▸ **TASK INSTRUCTIONS**
Starting with the line that contains "Escazu Best Price" and stopping after the line that contains "ice wine liliac", return each line below exactly as written, with no others.

▸ **DATA FOR THIS EXERCISE**
────────

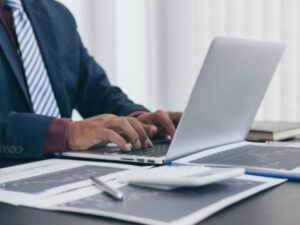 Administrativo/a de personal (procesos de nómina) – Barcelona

────────

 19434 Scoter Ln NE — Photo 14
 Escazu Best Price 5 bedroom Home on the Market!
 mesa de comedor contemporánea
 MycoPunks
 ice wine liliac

────────

▸ **WRITTEN REPLY**
 Escazu Best Price 5 bedroom Home on the Market!
 mesa de comedor contemporánea
 MycoPunks
 ice wine liliac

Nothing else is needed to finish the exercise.